# EXTRACTED DATA
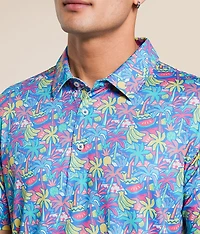 The Tropical Bunch Performance Polo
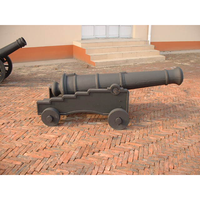 Canon en fonte Antique, modèle de créateur, 1 pièce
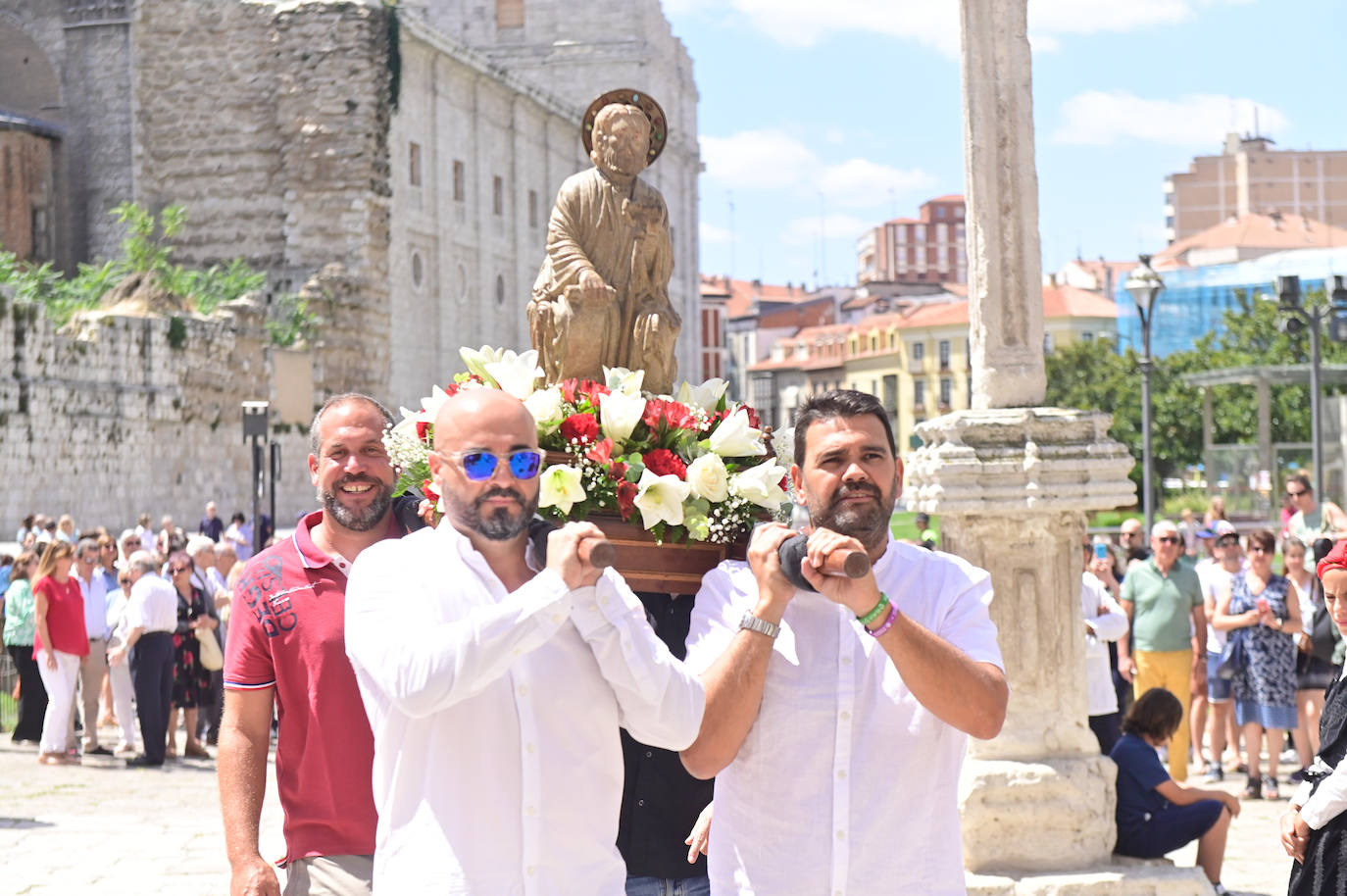 Procesión y misa en honor a Santiago Apóstol en Valladolid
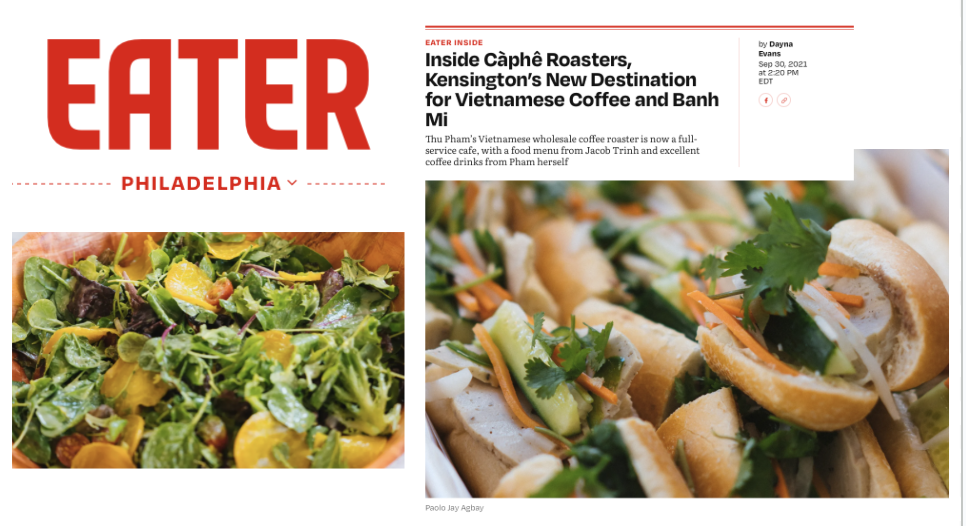 Caphe Roasters Philadelphia PJ Agbay Paolo Jay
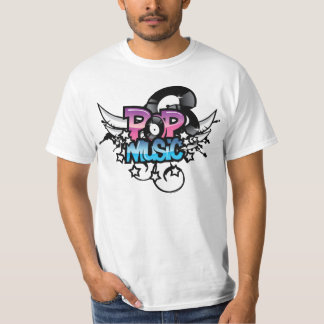 T-shirt de musique pop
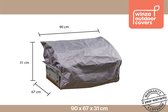 Winza Outdoor Covers - Premium - housse de protection BBQ encastrable - Dimensions : 90x67x31 cm - Housse pour BBQ encastrable - Etanche - grand teint - Garantie 2 ans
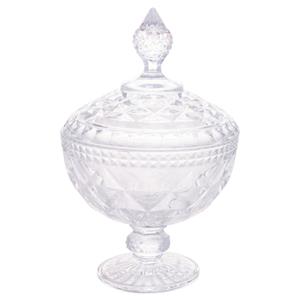 Bomboniere Lyor Diamond com Pé em Cristal - 23x15cm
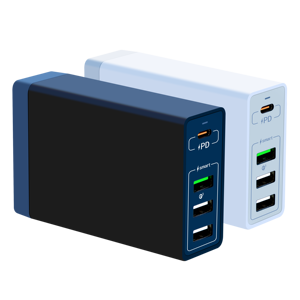 65W 4พอร์ต USB C PD ชาร์จได้อย่างรวดเร็ว, PD บล็อกที่ชาร์จ QC 65W USB C อะแดปเตอร์แล็ปท็อปสำหรับ <span class=keywords><strong>mcbook</strong></span> <span class=keywords><strong>pro</strong></span>/ Air,Pad <span class=keywords><strong>Pro</strong></span> - Product Image 1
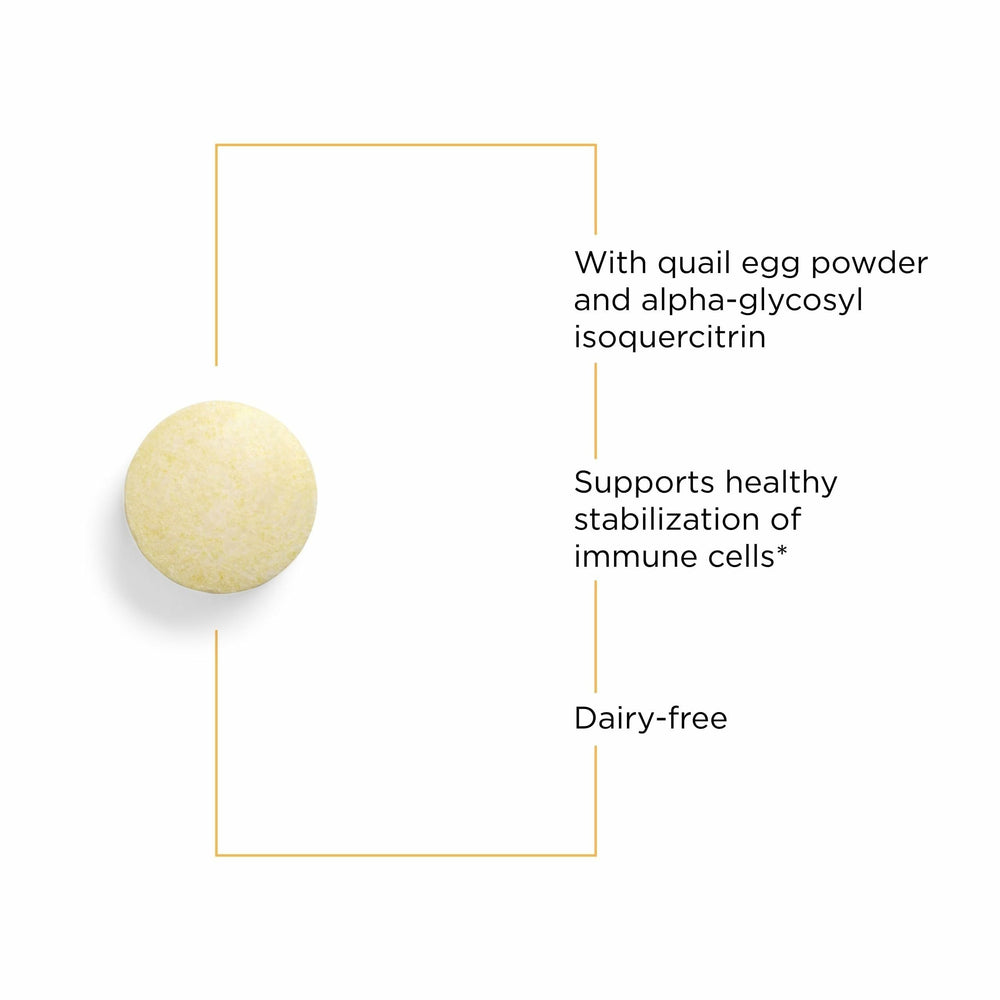 Quail egg powder blend image emphasizing ovomucoids and tryptase-inhibitor components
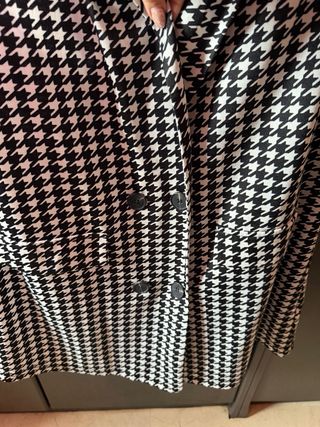 Chaleco largo pata de gallo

# ASSIGNED TASK
The copy should hold only the lines from the one with "Caphe Roasters Philadelphia" through the one with "Winza Outdoor Covers", exactly as they stand above. Leave out the pictures.

# RESULT
 Caphe Roasters Philadelphia PJ Agbay Paolo Jay
 T-shirt de musique pop
 Winza Outdoor Covers - Premium - housse de protection BBQ encastrable - Dimensions : 90x67x31 cm - Housse pour BBQ encastrable - Etanche - grand teint - Garantie 2 ans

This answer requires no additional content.